The ground, in its relatively short test history, has witnessed many of the premier names in world cricket strut their stuff, or in a few cases attempt but fail. There has been the likes of Alastair Cook, Kevin Petersen, James Anderson, Joe Root, Shivnarine Chanderpaul, Chris Gayle, Jacques Kallis, Dale Steyn, Graeme Smith, Hashim Amla, AB de Villiers, Vernon Philander, Angelo Mathews, Mohammad Yousuf, Daniel Vetorri, Brendon McCullum, Kane Williamson, Ross Taylor and Trent Boult.
Notable is the absence of stars from Australia or India. Tests against those nations will have to wait. An Australian test was nearly scheduled but appeared to fall to the lure of the more lucrative shorter form of the game.

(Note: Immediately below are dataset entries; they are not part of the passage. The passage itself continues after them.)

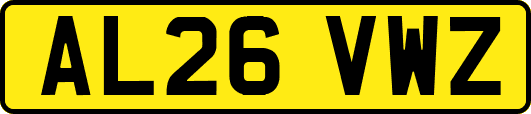 AL26VWZ
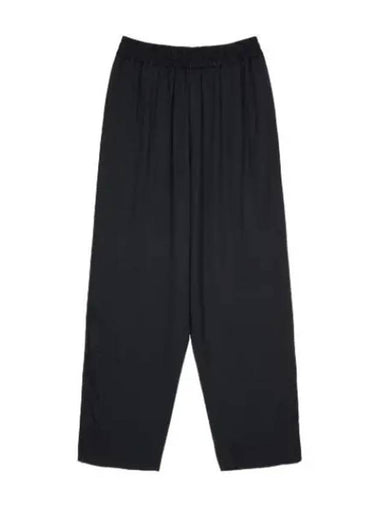 Waist volume pants dark navy - STUDIO NICHOLSON - BALAAN 1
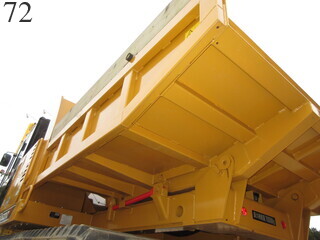 中古建設機械 中古 諸岡 MOROOKA クローラ・キャリア クルクルキャリア・全旋回キャリアダンプ MST-1500VDR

While, inevitably, there was sadness to leave behind Caris- brook's tradition and history, few could doubt the wisdom of the shift away from what became essentially designed as a rugby ground, with its concrete and capacious stands and the exposure to just about every wind.
The shift has probably consigned Dunedin to missing out on the higher ranking one-day internationals or twenty20 contests. Even with the extended banks, the University Oval is a boutique ground holding only up to several thousand spectators.

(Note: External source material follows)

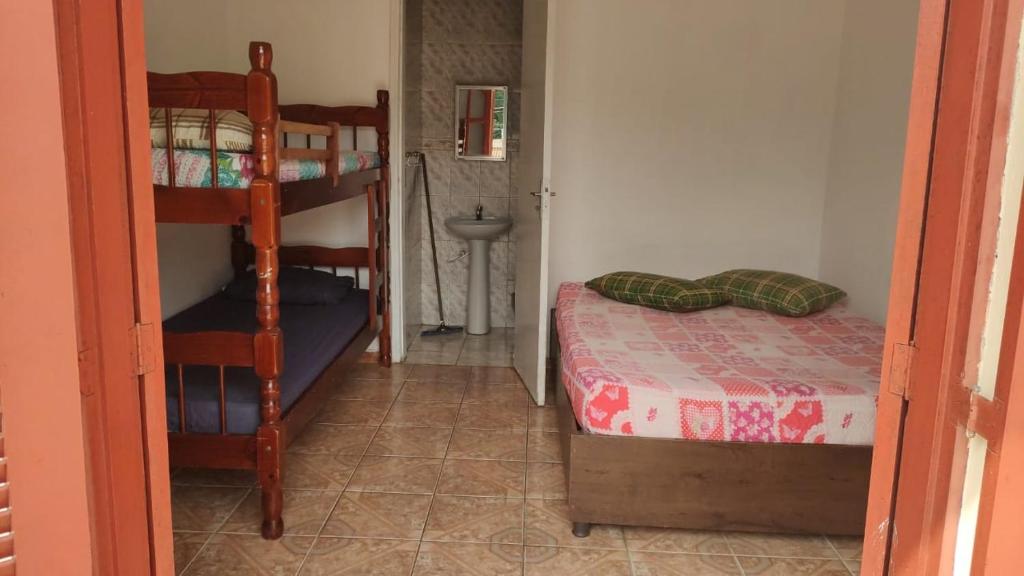  Suites Estrela de Bertioga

Nonetheless, the cricket purist will revel in the challenge of test cricket, in its rhythms and variety, in its ebbs and flows, in its demands for long bowling spells and intense batting concentration over hours and in the endless subtleties. In fact, a test is preferable for many of these cricket tragics.
It is, as has often been observed, the gourmet three-course meal to be savoured rather than the quick hit of the one-day tasty takeaway.

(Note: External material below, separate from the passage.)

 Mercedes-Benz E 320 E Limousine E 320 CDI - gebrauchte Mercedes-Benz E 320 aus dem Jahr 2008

Meanwhile, the non-purist who is unlikely to understand or seek out the nuances of test play, can also slide into a different rhythm, observing and taking part in a different event experience, enjoying the chance to slow down and to appreciate as well the unhurried sociability of a test spectator.
In an era of instant gratification, Instagram, short attention spans and busyness, test cricket is an outlier. What other field sport will last for five days? What sport might then well end in a draw, especially if rain interrupts play? What other game is played over more than six hours each day?
There is, indeed, the opportunity to bask on the embankments, watch from the historic Otago Daily Times stand and appreciate the green outfield, the red ball and the white clothing, all redolent of another era, another lifestyle.
There is always some anxiety among New Zealand cricket followers, and not just about the weather. South Africa, even without Stein and de Villiers, is packed with class, speed and experience.
New Zealand batsmen and bowlers are in for a true test, and not one which will be done in 20 or 50 overs. Wins against South Africa are rare (only four so far and two of those were on the 1960-61 tour of South Africa), and all the more sought for that.
Test cricket is appropriately named, for cricketers are thoroughly tested, and in many dimensions. Williamson, Taylor, Boult, Tom Latham, Mitchell Satner, BJ Wattling, Neil Wagner et al have their chance on the beautiful Dunedin stage to play their part on what we all hope will be a memorable test match.